Workers have suffered the biggest cut in the purchasing power of their wages in 20 years with no sign employers are offering fatter pay packets to help deal with staff shortages.
In figures that put pressure on the Reserve Bank and the federal government, the wage price index increased by a less-than-expected 0.4 per cent through the three months to the end of June.
The Australian Bureau of Statistics reported wages over the past 12 months grew by 1.7 per cent. Over the same period, inflation rose by 3.8 per cent.
The fall in real wages, at 2.1 per cent, is the largest since mid-2001 and has occurred during a period of the largest increase in house prices – and average mortgages – in more than three decades.
The Reserve Bank had started cutting official interest rates in 2019 to help lift wages growth.
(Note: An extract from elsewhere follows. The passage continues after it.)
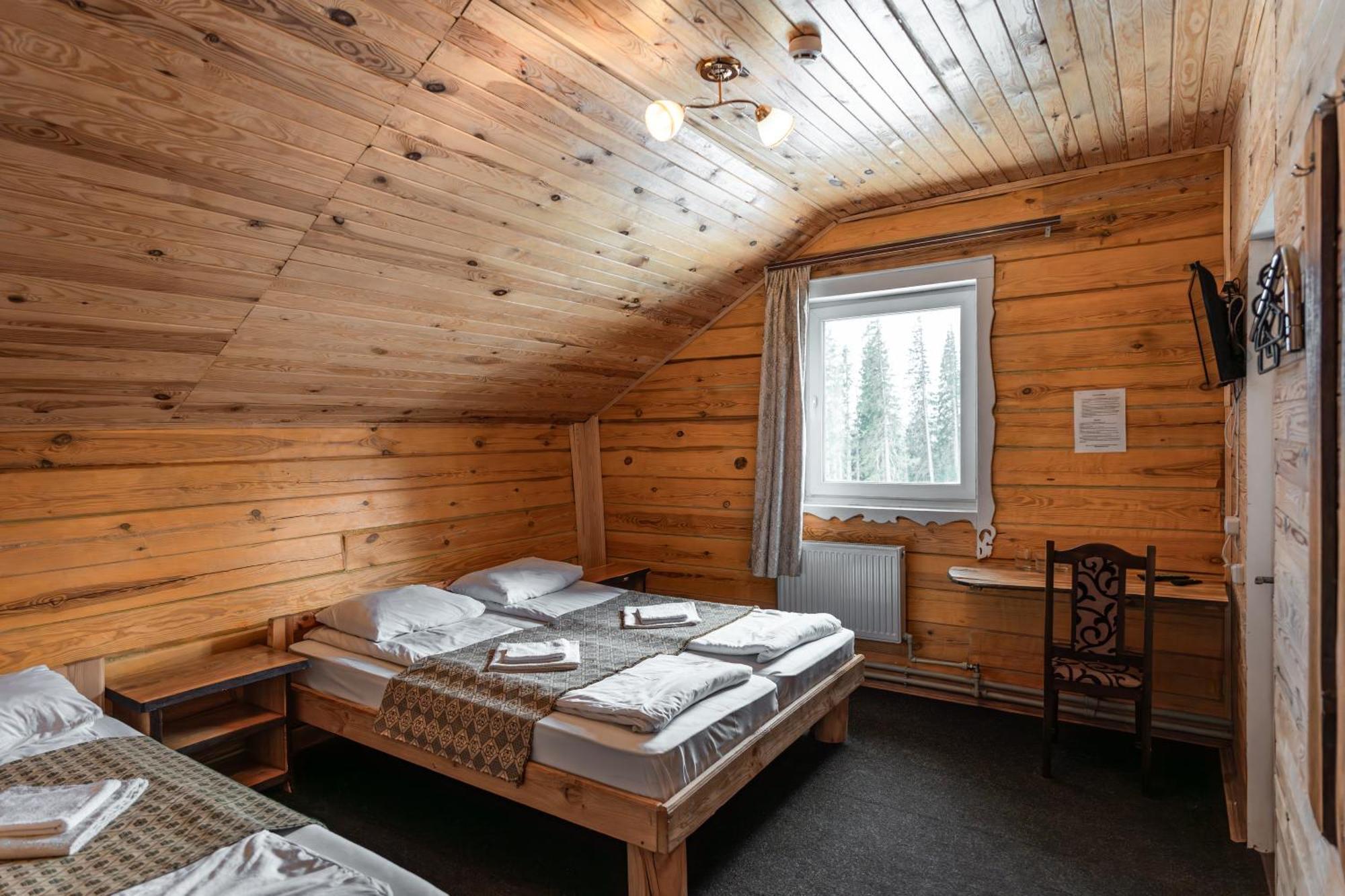 Alpin Eco Chalet & Wellness Dragobrat Εξωτερικό φωτογραφία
Bank governor Philip Lowe believes wages growth has to be above 3 per cent, a level not reached since March 2013.
Some businesses have reported a shortage of workers, due in part to the closure of the international border, but the figures suggest companies are yet to offer higher wages to entice people into the workforce.
Private sector wages grew by 0.5 per cent in the quarter for an annual increase of 1.9 per cent. Public sector wages lifted by 0.4 per cent, with the annual rate falling to an all-time low of 1.3 per cent.
The ABS’ head of price statistics, Michelle Marquardt, said the 0.4 per cent result was one of the lowest ever recorded by the bureau.
“Apart from a few isolated examples of skills shortages placing pressure on employers to meet expected market rates, the [0.5 per cent] private-sector wage growth recorded over the quarter was generally subdued,” she said.